Most of the other Democratic contenders offered a far simpler message, calling for the release of Mueller's full report — a safe play, politically, as polls show Americans are largely on their side. The House voted overwhelming last week to release it, 420-0.
Still, it's unclear how far Democrats can go in pursuing the investigations that are being demanded by the base of their party without alienating the wide swath of more centrist voters Trump is trying to keep close ahead of the 2020 election.
Democratic strategist Brian Fallon said it won't be tops on the agenda for presidential candidates or those running for Senate. But he said Democrats are on solid ground as they push for release of the report and conduct oversight voters demanded while also focusing on the kitchen table issues — health care, climate change — important to voters. It's the same blueprint Democrats used when voters gave the party control of the House in the midterm election.
"I don't think the public expects Congress to be shrinking violets," he said. "They expect Democrats to pursue oversight and not go overboard."
Liberal activists are already preparing for nationwide protests should the Trump administration not release the full report or appear to be hiding key evidence. After waiting two years for damning evidence on the Republican president, the Democratic base is unlikely to let the issue fade quietly away.
"There is an enormous amount of energy behind this," said Democratic strategist Zac Petkanas. "And I think people should not underestimate what a White House cover-up will unleash if they decide to hide one word of the report or underlying evidence. We are at the beginning of a long fight to ensure that there's not a cover-up."
For Democrats in Congress, pursuing the investigations on their own now is a risky strategy.
In Mueller they had a truth-teller beyond reproach, whose credentials and bipartisan backing gave the questions swirling around Trump more than an air of credibility. Democrats put him "right next to Jesus," cracked Republican Rep. Jim Jordan of Ohio on Sunday. Republicans, for the most part, backed Mueller's work.
As Democrats go it alone with congressional investigation, they lose that stamp of impartiality and expose themselves to Trump's constant cries of "presidential harassment."
"What will now follow is mainly political harassment leading to, perhaps, a futile impeachment exercise," Republican Sen. John Cornyn of Texas tweeted.

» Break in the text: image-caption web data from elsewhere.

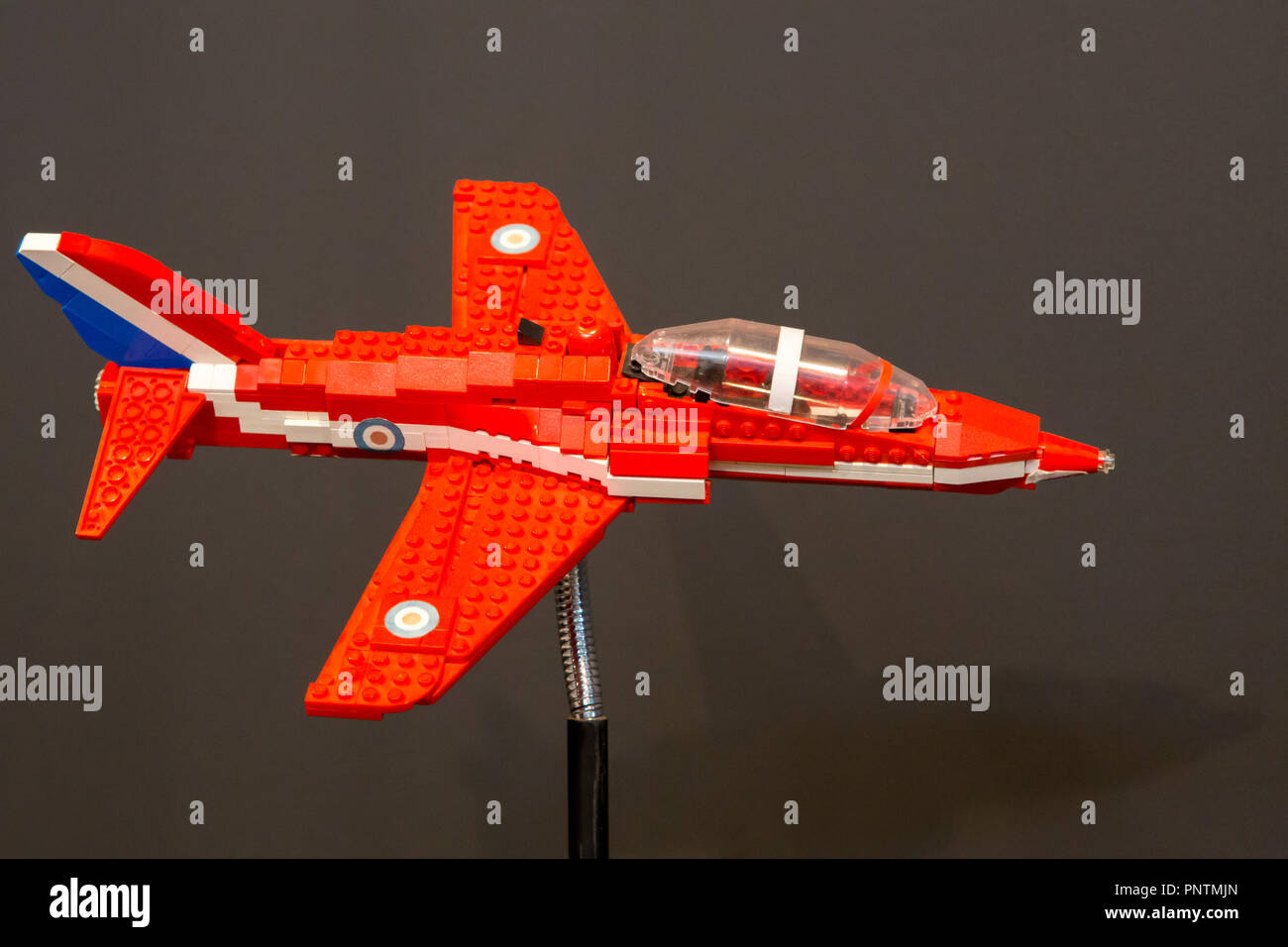 Lego model of a Red Arrows plane in the science museum in the City of Arts  and Sciences in Valencia, Spain Stock Photo - Alamy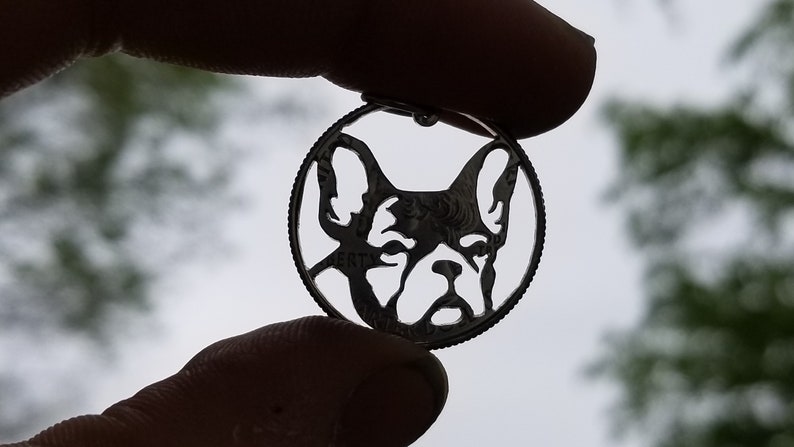French bulldog necklace French bulldog pendant French bulldog face pendant Frenchie dog breed pendant hand cut coin pendant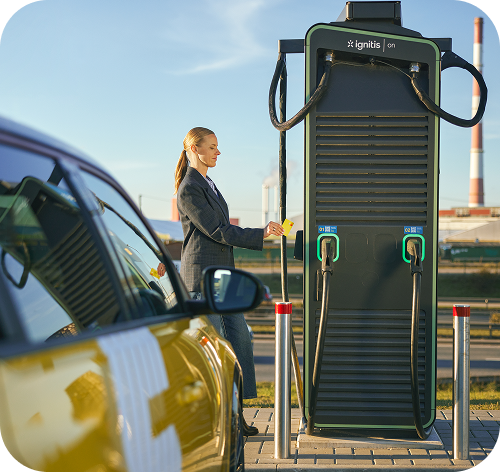 Ignitis ON ātrās uzlādes stacija.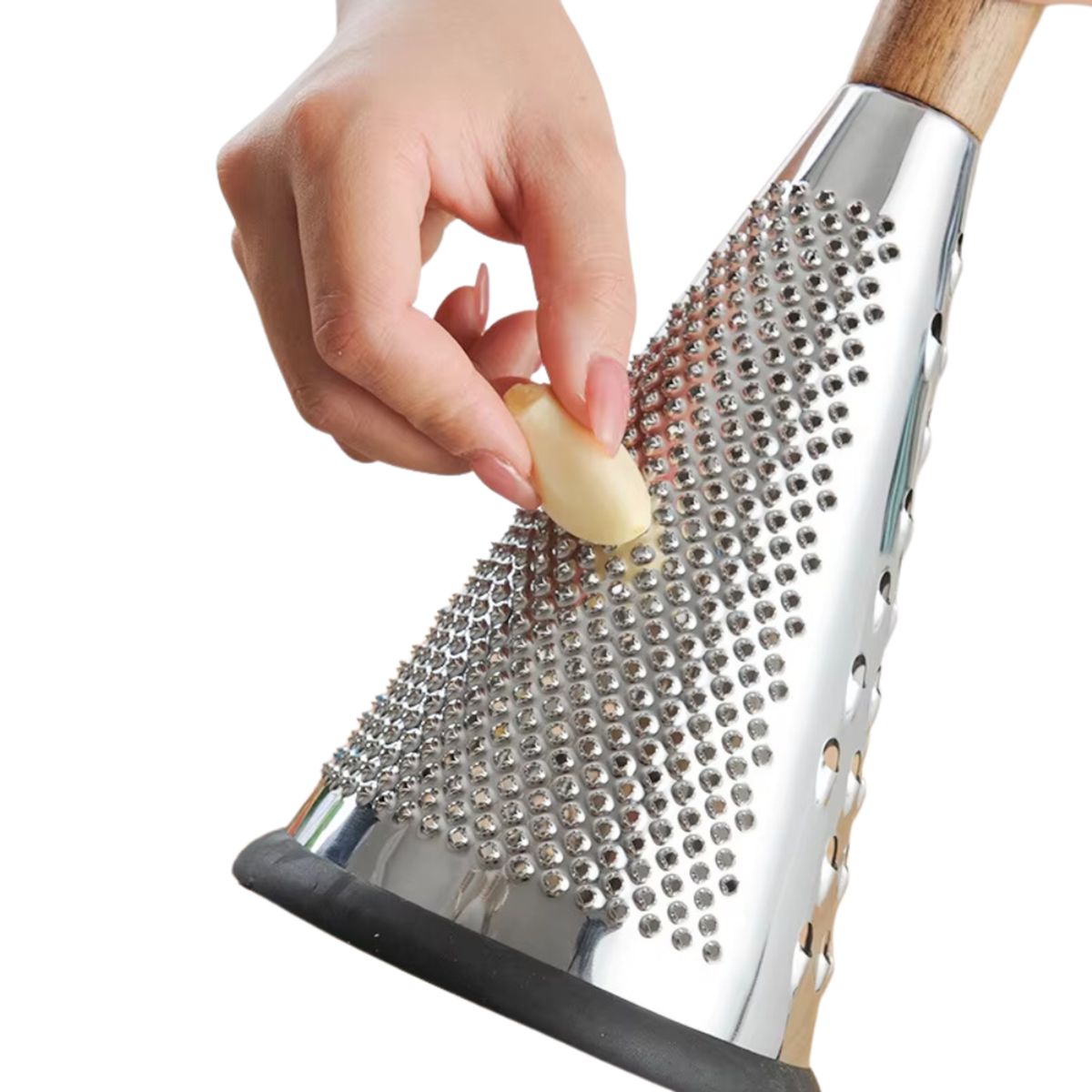INSPIRA - Rallador Cónico Acero Inoxidable con Mango de Madera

House Speaker Nancy Pelosi has drawn criticism from some in the party for her reluctance to pursue impeachment — she has said Trump isn't worth it. The speaker views impeachment as politically fraught unless Democrats have the groundswell of public opinion behind them. Front of mind is her experience during the Republican drive to impeach President Bill Clinton, which voters saw as overly partisan, especially once the independent counsel's report was released, and contributed to GOP electoral losses.
Instead, Pelosi frames the investigations ahead as Congress exerting its constitutional duty to the necessary checks and balances on the executive that voters want. Democrats are sweeping beyond the Russia probe into the president's potential conflicts — his tax returns, financial dealings, Trump Hotel — in the tangled intersection of business and politics.
Rep. Pramila Jayapal, D-Wash., a member of the Judiciary Committee and co-chair of the Congressional Progressive Caucus, said this is perhaps an "unparalleled" moment in the country's history and Mueller's work is just the start.
"I don't think there's a risk of overreach when you talk about criminal acts — multiple criminal acts — conducted by the top people around the president of the United States," she said. "We have to lay it out for ourselves and lay it for the people and see where it leads us."
But the political risks for Democrats loom large. Trump's team flashed a newly emboldened offensive strategy after years of playing defense.
"Hang in there Dems," White House aide Dan Scavino tweeted after the report was released, "ya all have SIX more YEARS of TRUMP."